In the days leading up to Hurricane Irma, some Tesla owners worried about the impact of reduced battery availability on their evacuation plans. They contacted Tesla, which pushed through an over-the-air software update, temporarily unlocking the remaining battery power, for free, for Tesla owners in evacuation zones – allowing their cars to go farther on a single charge.
With Irma bearing down on Florida, most people would agree that Tesla did the right thing by removing power caps. The flip side is that Tesla’s good deed put the spotlight on its use of paywalls to disable functionality of features already built-in to their cars, raising fears of future private sector extortion over our transportation system in times of crisis. Tesla, after all, has no common-law duty to act, and could easily charge desperate customers a fee for this service.
But – importantly – they didn’t.
Many Tesla owners seemed grateful for the extra mileage when it was needed. But others (by all appearances, non-owners), who either didn’t know about the cap, or alternatively, knew about the cap but already decided Tesla had too much corporate control over a vehicle to purchase one themselves, criticized the company for using software to regulate the battery power in the first place.

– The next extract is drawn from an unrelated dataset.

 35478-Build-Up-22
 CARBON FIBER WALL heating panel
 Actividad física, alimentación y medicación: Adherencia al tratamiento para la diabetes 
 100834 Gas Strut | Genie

Some went so far as to discuss a dystopian future where only those with the cash to enable full functionality of their vehicles would be able to escape disasters because of the level of corporate greed. You can’t pay? Too bad for you.
However, Tesla owners were well aware of the artificial cap on their range, and willing to take the reduced mileage in exchange for a lower price. Our daily lives are saturated with products with their full capability only accessible through a paywall – think video game expansion packs, Amazon Prime, and airplane tickets. Most of us have come to terms with these caps, but the functional nature of a personal automobile has pushed some to call for action. But what would this action look like? A statutorily imposed duty to remove caps on car capability in times of crisis? Design-flaw product liability lawsuits? Regulations that prohibit the use of such technology in the first place? Would new laws encompass just the auto industry, or span others as well? What would these changes actually accomplish?
Finally, we need to consider whether these actions would do more harm than good by creating a disincentive for other companies to act in good faith during future crises. After all, if a company knows they’ll be punished for helping out, they might not offer in the first place. By not allowing Tesla’s good deed to go unpunished, we have to be careful not to inadvertently punish ourselves in the process.